Harold Koh, the State Department's legal advisor, helped set out… (Anja Niedringhaus, Associated…)
WASHINGTON — As dean of Yale Law School, Harold Hongju Koh was among the fiercest critics of President George W. Bush's "war on terror," arguing that his administration had trampled the Constitution and tarnished America's international standing by claiming the power to capture "enemy combatants" abroad and hold them without charges at the prison in Guantanamo Bay, Cuba.
The next administration must "restore the rule of law in the national security arena," end "excessive government secrecy" and set aside the "claims of unfettered executive power," Koh told a House panel in 2008.
But as the State Department's legal advisor in that new administration, Koh helped set out a legal justification for policies that include a ramped-up use of unmanned drones to attack and kill suspected terrorists in Pakistan as well as in Yemen and Somalia, far from the combat zone in Afghanistan. Thousands have died, and the targets have included U.S. citizens who were seen as inspiring attacks against Americans.
Koh, who is preparing to return to Yale as President Obama's first term comes to an end, has become a symbol of national security policies that many feel are not significantly different than those of Obama's predecessor.
Koh has many defenders who say the administration's anti-terrorism policies would have been harsher if he were not there. But the surprising turn has left some liberal critics puzzled. Did Koh change, or is there some "deeper pathology" that causes "top administration lawyers to rubber stamp power grabs?" Bruce Ackerman, another Yale law professor, wrote in a news blog.
Obama's team unquestionably made progress on some fronts. The harsh treatment and even torture of prisoners was ended, and several dozen detainees were repatriated to other countries. But Congress blocked plans to close the Guantanamo prison and to prosecute its remaining detainees before civilian judges and juries.
The rhetoric was toned down as well. Officials no longer speak of a "global war on terror" or "enemy combatants." They talk instead of applying the "rule of law" to cope with new problems.

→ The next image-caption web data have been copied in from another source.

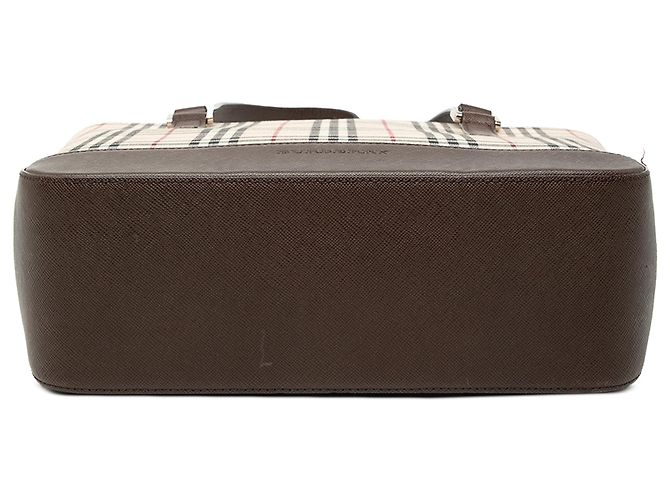 Beige Burberry Haus-Check Canvas Tote - Ansicht 3
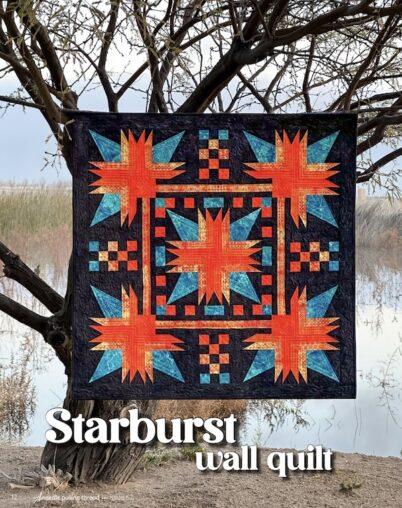 orange, teal and black quilt hanging in a tree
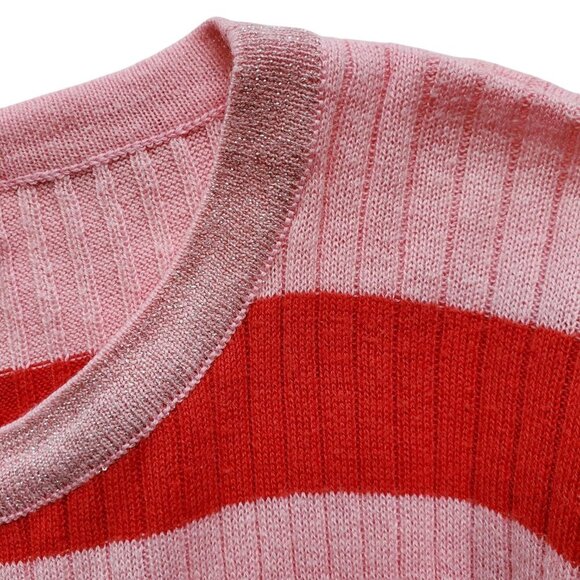 English Factory Multicolor Stretchy Crew neck BoyCon Striped Sweater Size L - Picture 6 of 13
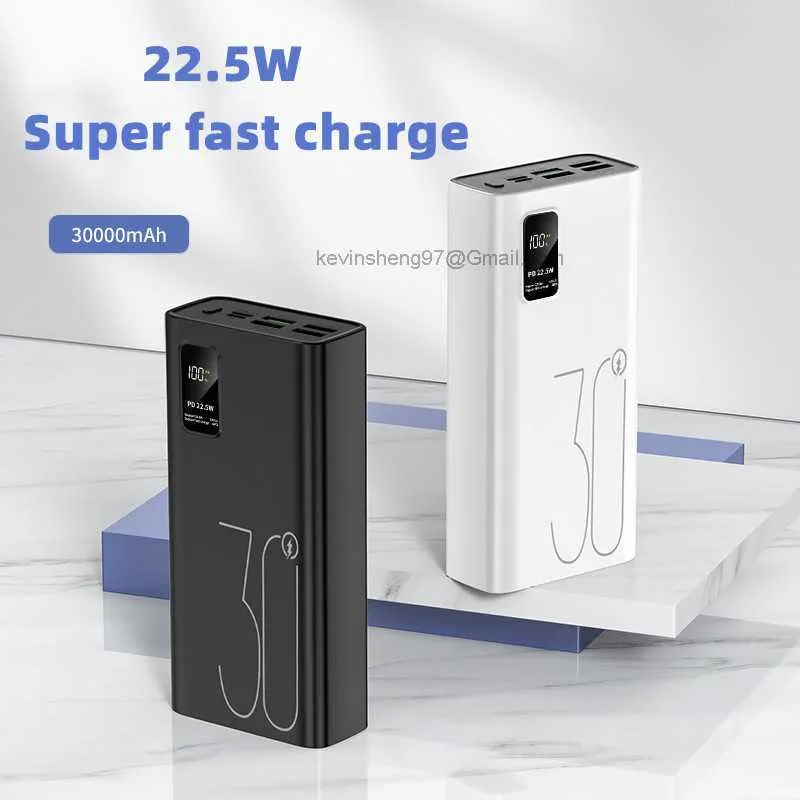 Bezpłatny dostosowany logo zasilający bank 30000 mAh Portable 22,5W Super szybkie ładowanie Digital Display Fe PowerBank Zewnętrzna bateria dla iPhone'a Xiaomi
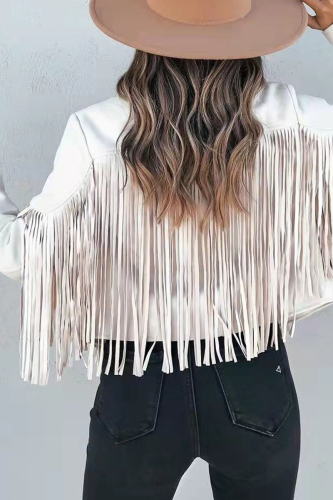 White Casual Solid Tassel Turndown Collar Outerwear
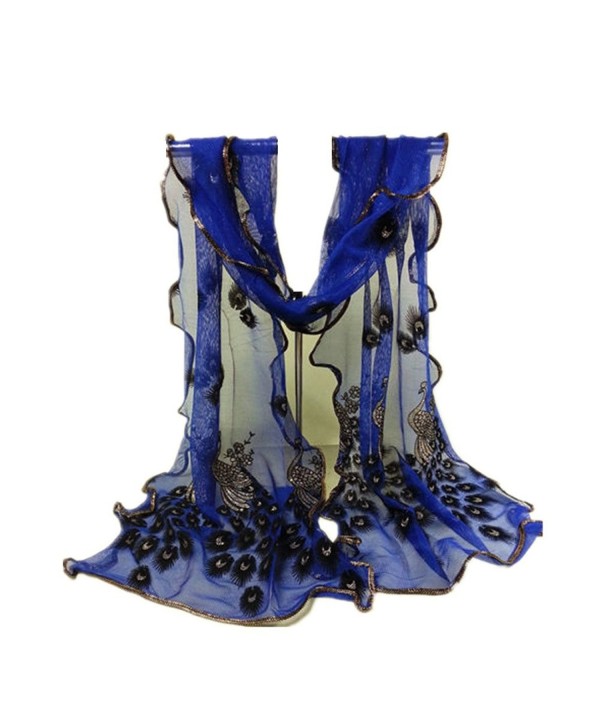 Women Lady Fashionable Silk Long Soft Peacock Scarf Wrap Shawl Stole - Royal Blue - CV1273VXUGV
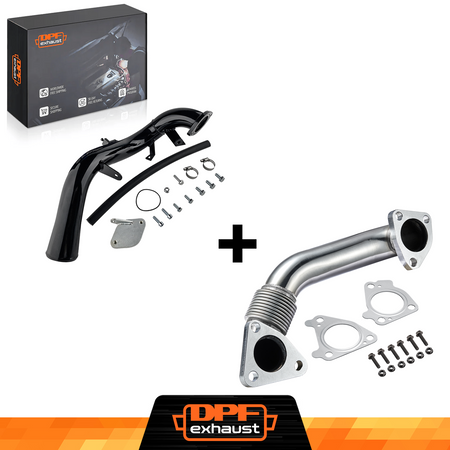 DPFexhaust automotive parts including pipes and hardware on a white background with DPFexhaust branding.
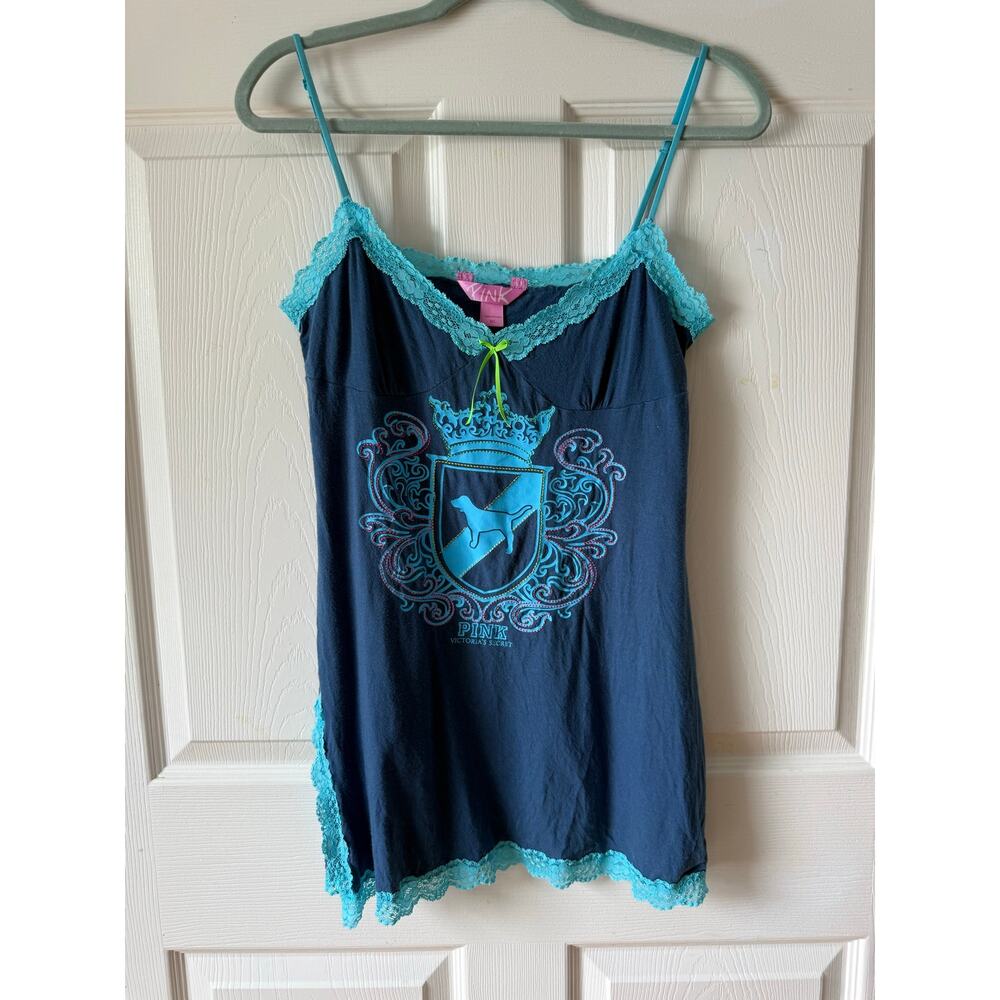 Victoria’s Secret PINK Y2K Crest Lace Cami Mini Dress M/L McBling Baby Doll - Picture 5 of 10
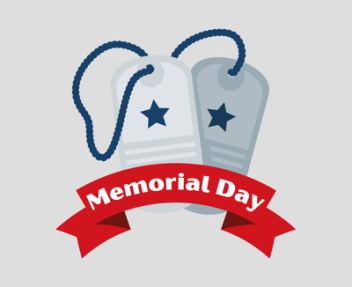Two silver and navy military dog tags with a red ribbon that says "Memorial Day" on a light gray background.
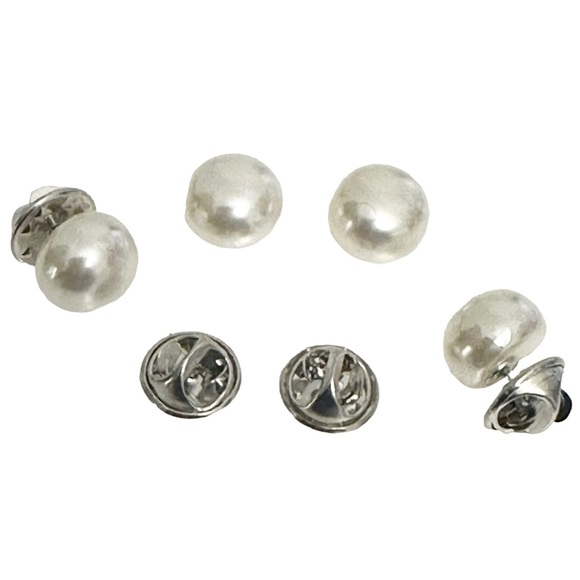 3/$10 Pin Replacement Buttons 4ct Pearl Enamel Brooch - Picture 2 of 7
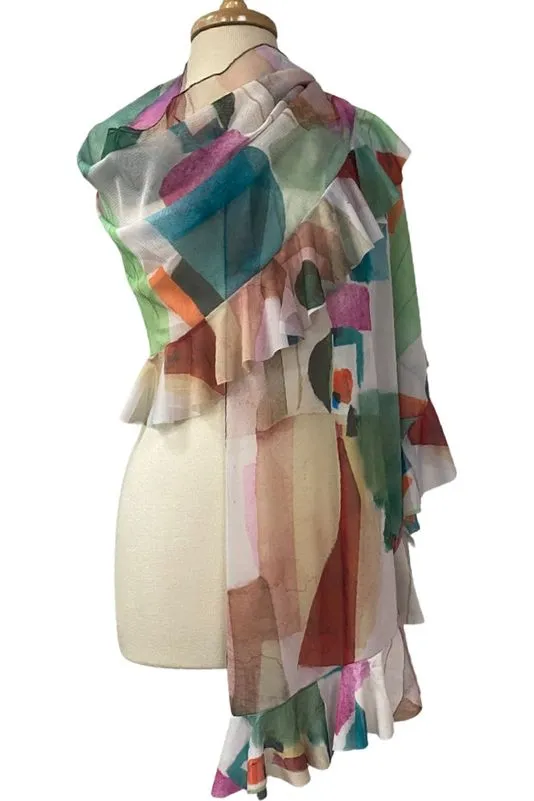 KALEIDOSCOPE Ruffled Long & Wide Sheer Shawl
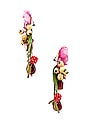 view 2 of 2 Floral Drop Earrings in Red
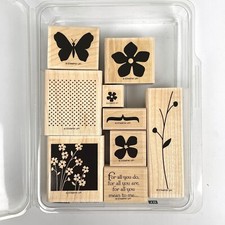 Stampin' Up For All You Do 9 Pc. Wood Mount Rubber Stamp Set Scrapbook Crafts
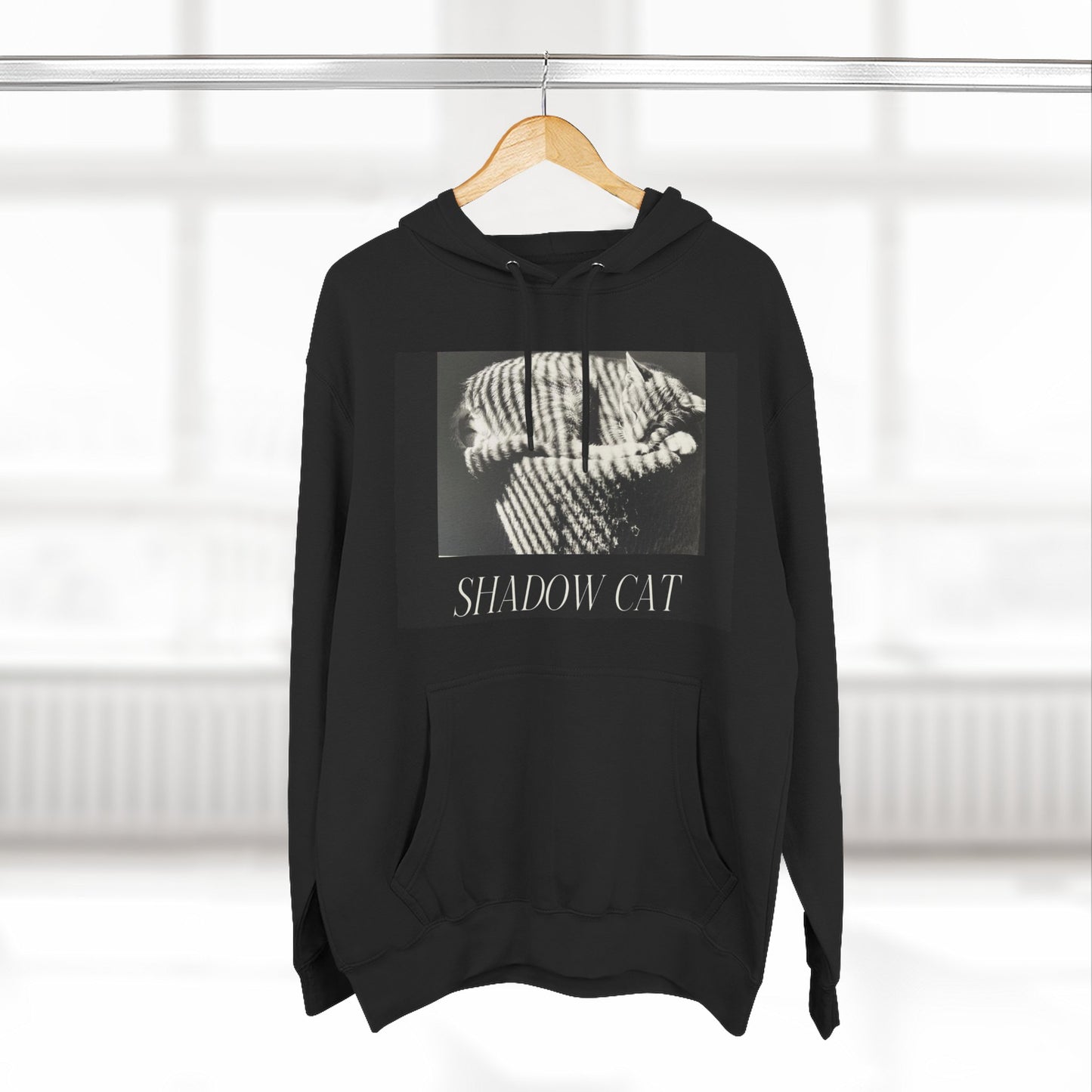 Shadow Cat Hoodie — Vintage Noir Three-Panel Graphic Hoodie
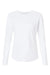 Next Level 3911 Womens Relaxed Long Sleeve Crewneck T-Shirt White Flat Front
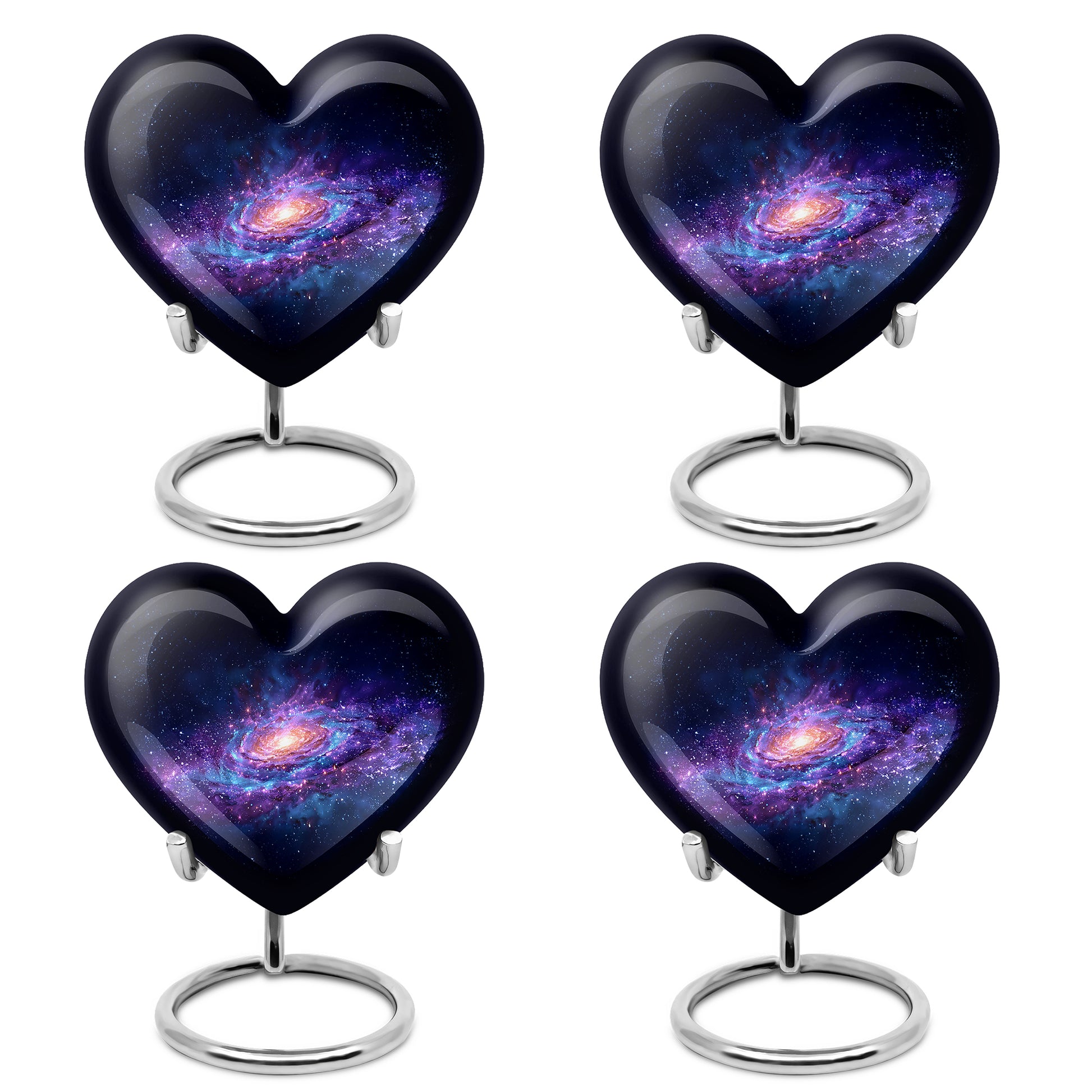Calming Blue Galaxy Cremation Urn angled view of lid and engraved motif - romantic heart urn with galaxy motif on aluminum - 10 inch aluminum urn for cremated remains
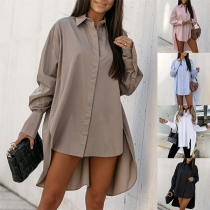 Chic Style Long Sleeve POLO Collar High-low Hem Irregular Shirt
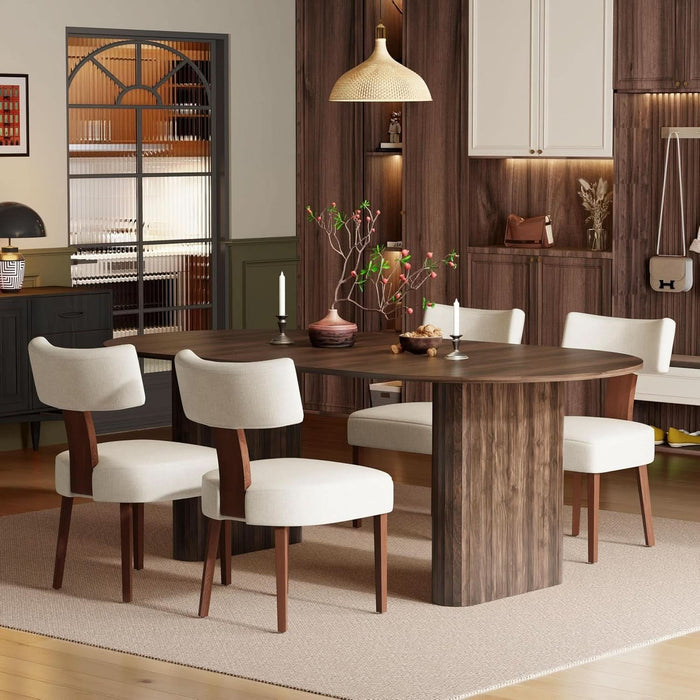 Modern Farmhouse Oval Dining Table Set for 4, 71 Inch Wood Grain Kitchen Table & Beige Upholstered Dining Chairs with Curved Back & Solid Wood Legs, Kitchen Living Room Furniture Set(Walnut)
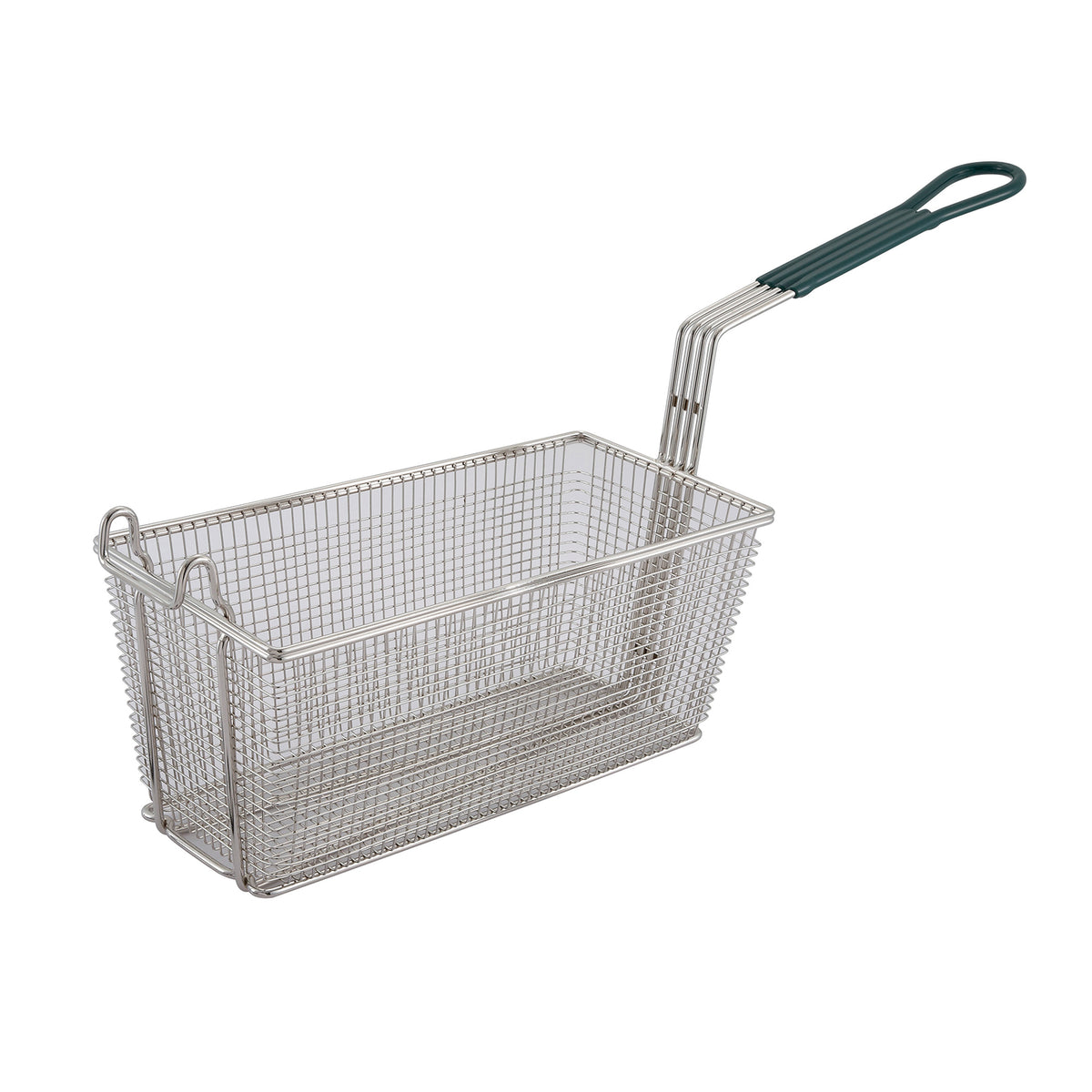Winco FB-30 13 1/4" x 5 7/8" Rectangular Fry Basket w/ Green Handle | nickel plated steel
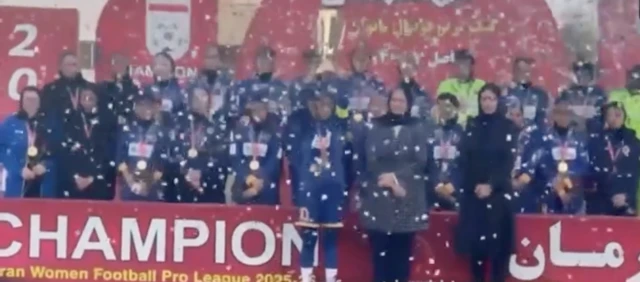 مراسم قهرمانی تیم فوتبال زنان خاتون بم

But Obama's drone policy has caused dismay among many human rights activists. When Koh stepped forward two years ago to offer a legal defense, it had a familiar ring. In wartime and in "response to the horrific 9/11 attacks," the president "may use force consistent with the [nation's] inherent right of self-defense," Koh told the American Society of International Law.
As legal authority for the president's action, he pointed to the congressional authorization for the use of military force adopted just after the Sept. 11 attacks, the same measure Bush's advisors cited as justification for the Guantanamo detentions. "It is the considered view of this administration," Koh said, "that U.S. targeting practices, including lethal operations conducted with the use of unmanned aerial vehicles, comply with all applicable law, including the laws of war."
Conservative columnists were quick to lampoon Koh for what looked to be an about-face. Where the "old Harold Koh" was outraged by imprisoning suspected terrorists, the new Koh could defend the legality of killing them.
Koh said he heard the same at cocktail hours at conferences of liberals. "I get questions in the following form: 'You're a hypocrite, aren't you?'" he said in a talk to one such group.
Koh declined to comment for this story, but many of his friends and liberal allies were glad to speak up for him. They said it was unfair to blame him for administration policies, and they say he has fought hard within the government for abiding by legal standards and strictly limiting the use of drones.
"I don't see a contradiction between the old Harold and Harold now," said Rosa Brooks, a Georgetown law professor who served as a Pentagon lawyer. "I've seen Harold in action. He was pushing for human rights, for setting legal standards. He's very stubborn."
"He's exactly the kind of person you want in the government," said Elisa Massimino, president of Human Rights First. She agreed the drone policy was "problematic," but said, "Harold is always making the case for complying with international law and the laws of war."
Many of Koh's friends and supporters paused to confide he has a "huge ego" and can be "a real pain" to deal with. But they admire his tenacity and his devotion to human rights law.
Koh, 58, was born in Boston, the child of two Korean natives who lived under Japanese colonial rule and later under a Korean dictatorship. His father was a legal scholar and a diplomat and his mother was a sociologist, and both taught at Yale.